Procès de la filière de Lunel : «Vous ne légitimiez le jihad qu'au téléphone ?»

Au troisième jour du procès de la «filière» de Lunel, petite commune de l’Hérault funestement célèbre pour avoir vu une vingtaine de ses jeunes partir en Syrie, le tribunal s’est intéressé aux ressorts de leur radicalisation.
Les pavillons voisins du quartier Abrivado à Lunel, en février 2015, après le coup de filet contre les terroristes. (Photo Nanda Gonzague)
publié le 9 avril 2018 à 22h37

C'est un étrange «accouchement» qui s'est déroulé dans la 16e chambre du tribunal correctionnel de Paris, lundi après-midi, au procès de la «filière» jihadiste de Lunel. Un accouchement aux forceps pour lequel Me Xavier Nogueras a joué les sages-femmes auprès de son fébrile client, Jawad S., soupçonné d'avoir pu inciter des jeunes de cette ville héraultaise à partir en Syrie.

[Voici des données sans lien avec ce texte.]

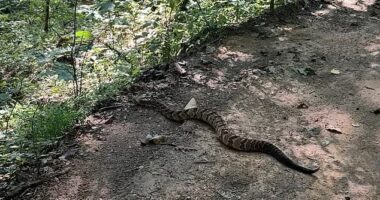 David Graves, an Alabama man hiking through the scenic trails of a state park, was stopped in his tracks by a massive, nearly unrecognizable rattlesnake (pictured)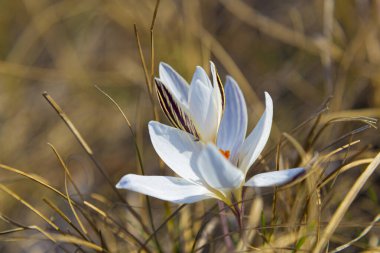 Çayırdaki timsahlar. Güneş ışığındaki ilk bahar çiçekleri. Beyaz çiçek açan vahşi timsahlar, yakın plan, doğal bulanık arka plan. İlkbahar.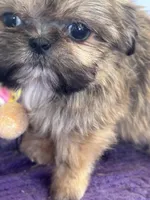 Memphis, a male Shih Tzu for sale in Mobile, AL – Photo 3 of 7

Le discours de l'homme de 34 ans, un des cinq prévenus à comparaître dans ce dossier, a-t-il pu encourager ces départs vers le jihad ? «Vous n'en êtes qu'au stade des contractions. (...) Il faut que vous assumiez!», tance son conseil. Après trois heures d'audience, Jawad, agrippé à la barre, finit par lâcher un «oui»... Immédiatement nuancé : «Je pense avoir tenu des propos très radicaux. Après... Je n'ai jamais incité personne.»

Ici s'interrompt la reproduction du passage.